▸ TASK DETAILS
Your task is to output the listing exactly, leaving every image out.

▸ PROVIDED DATA
-=-=-

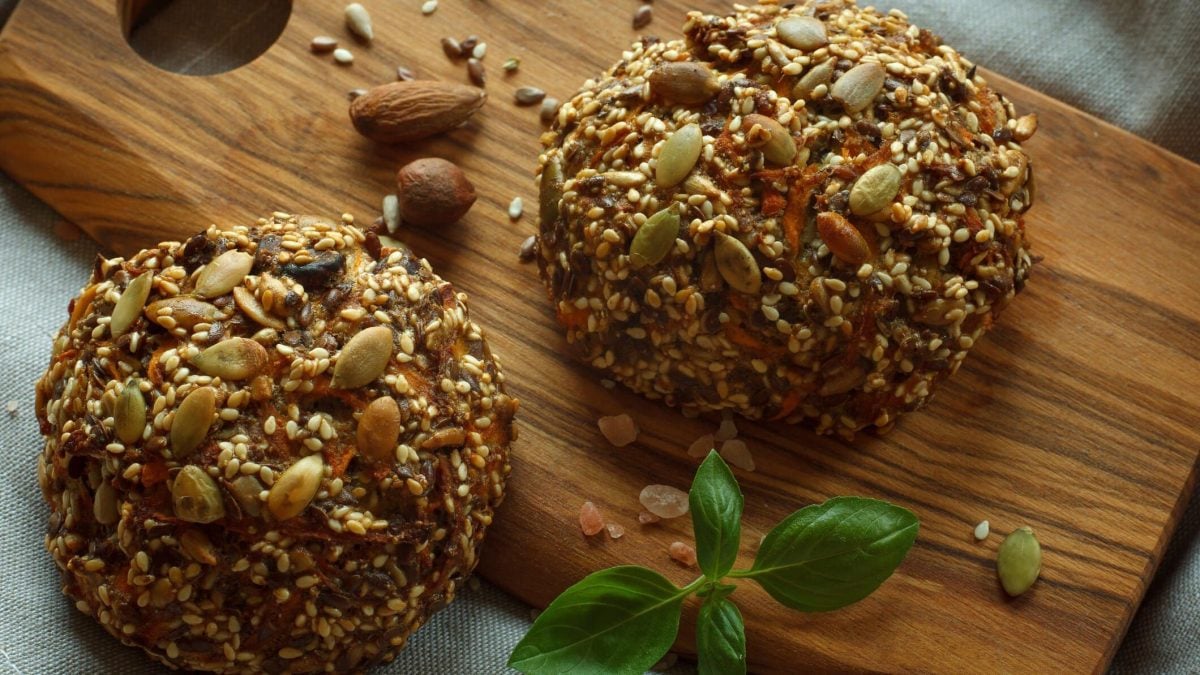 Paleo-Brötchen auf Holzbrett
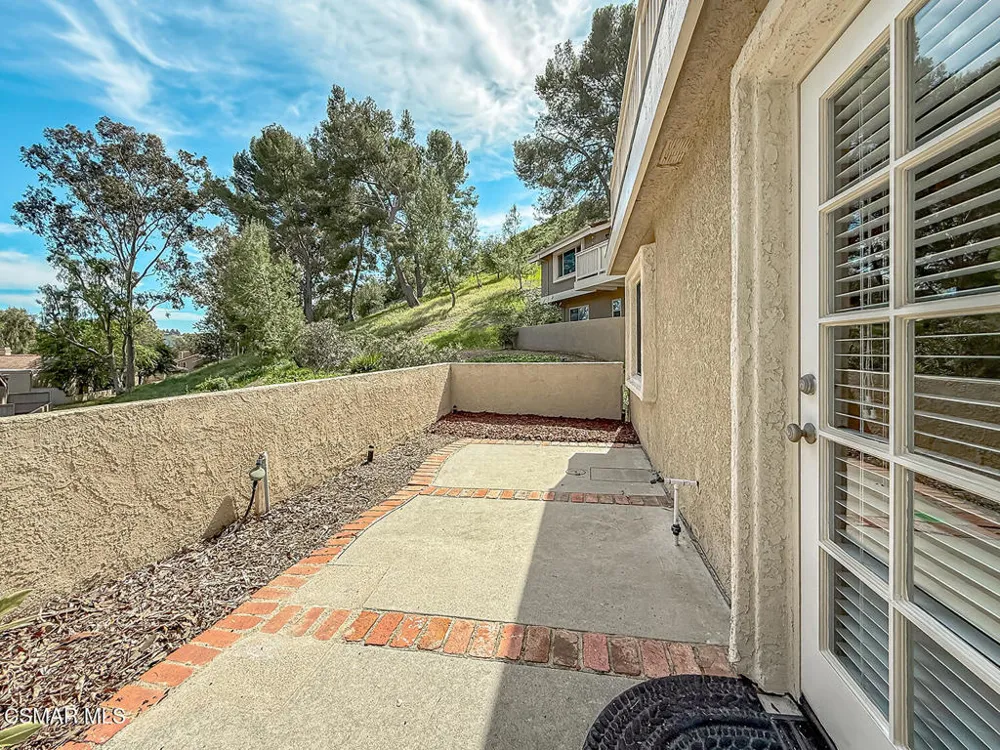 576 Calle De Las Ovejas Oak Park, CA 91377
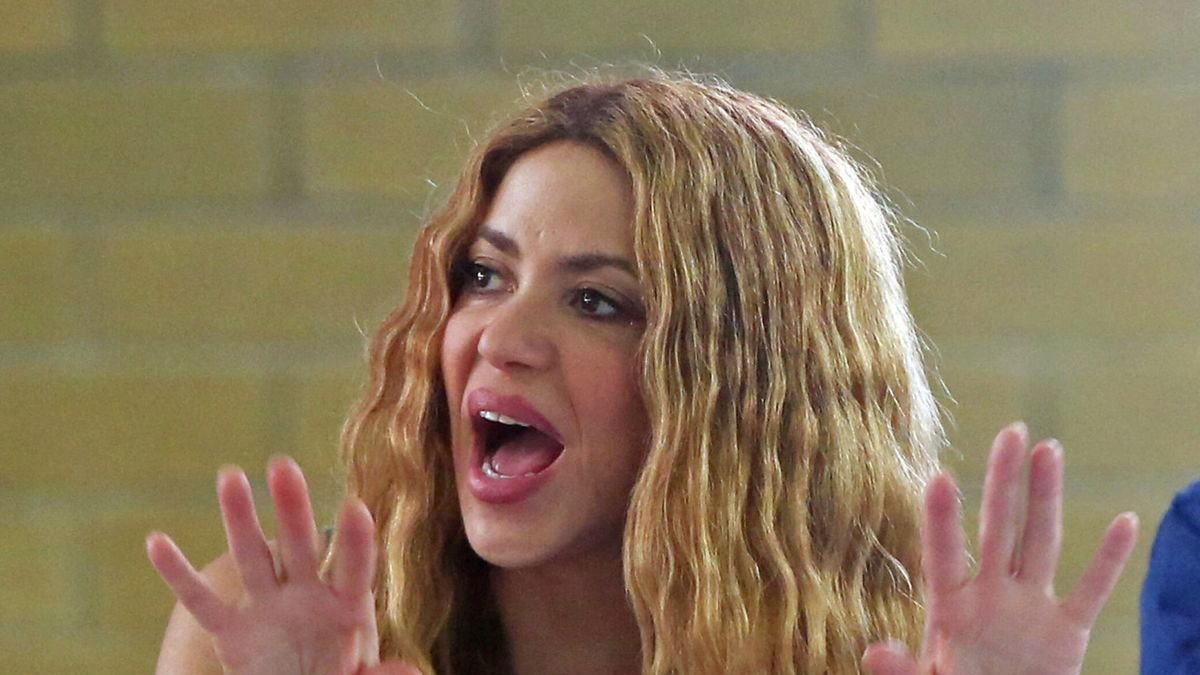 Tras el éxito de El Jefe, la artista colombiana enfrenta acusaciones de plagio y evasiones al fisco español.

-=-=-

▸ EXERCISE OUTPUT
 Paleo-Brötchen auf Holzbrett
 576 Calle De Las Ovejas Oak Park, CA 91377
 Tras el éxito de El Jefe, la artista colombiana enfrenta acusaciones de plagio y evasiones al fisco español.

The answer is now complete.